I suspect that the connections between our Mamertino and the identically named D.O.C. in Sicily are therefore nil. I suspect that the bright people at Lo Duca Brothers -- the company sells consumer electronics and musical instruments as well as wines and cooking oils -- realized that throwing Caesar's cloak, as it were, over a friendly, sweet wine would catch the American consumer's eye, give him a name and a bit of history to remember, and keep the company out of Italian legal trouble regarding the whole D.O.C.-no wait, it's not a D.O.C.-thing. The wine seems meant to be uniform and approachable from year to year: the 2007 version was made from trebbiano, my version from chardonnay, but both were kept fizzy and fun. Andre Domine's huge book Wine incidentally records that the Emilia-Romagna region is known for its frizzante styles.
All told, this wine and its label provide an object lesson not only in a few kickshaws of European history, but in what European wine production and labeling laws do. They help tell you exactly what you are drinking, but it takes a little experience to decipher the labels and especially to learn to see what isn't there. All the details that more serious and traditional wines carry, details assuring you, once you know the code behind them, of location, permitted grape variety, required vinification methods, necessary aging, and yes, historical background, are missing from this Mamertino. We know it's from Tenuta Amalia, but apart from that, it is permitted to say nothing about itself except that it's a "Product of Italy." The missing details matter more, the more money you want to spend and the more precisely you know what you want.

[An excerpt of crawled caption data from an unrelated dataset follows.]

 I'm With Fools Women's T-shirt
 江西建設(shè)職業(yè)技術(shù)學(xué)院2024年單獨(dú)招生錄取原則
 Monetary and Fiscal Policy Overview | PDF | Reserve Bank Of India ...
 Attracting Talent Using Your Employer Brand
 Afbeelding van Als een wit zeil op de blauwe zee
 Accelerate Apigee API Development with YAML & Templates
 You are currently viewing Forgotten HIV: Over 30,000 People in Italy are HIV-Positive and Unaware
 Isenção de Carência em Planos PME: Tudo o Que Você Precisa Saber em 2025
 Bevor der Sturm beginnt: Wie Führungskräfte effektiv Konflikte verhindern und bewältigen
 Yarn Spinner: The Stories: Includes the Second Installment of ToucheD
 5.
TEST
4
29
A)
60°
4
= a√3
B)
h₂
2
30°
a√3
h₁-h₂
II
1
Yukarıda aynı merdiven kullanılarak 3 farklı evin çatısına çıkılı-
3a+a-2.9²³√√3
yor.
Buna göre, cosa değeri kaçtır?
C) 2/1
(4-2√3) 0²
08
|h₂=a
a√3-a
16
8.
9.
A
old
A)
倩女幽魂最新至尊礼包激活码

Interestingly, one of the biggest changes coming to a shelf near you, thanks to the recent changes in EU wine laws, is that European winemakers may now begin to add the name of the grape to their labels. That will be helpful for you and me, but imagine a serious collector, willing to spend money and knowing what he wants, looking (probably appalled) at his Barolo or his Petrus and seeing that each now helpfully says "nebbiolo" and "merlot" about itself.
Just like our Mamertino brightly announces, in bold capitals, "chardonnay." The smart people in New Berlin, Wisconsin may be way ahead of the curve here.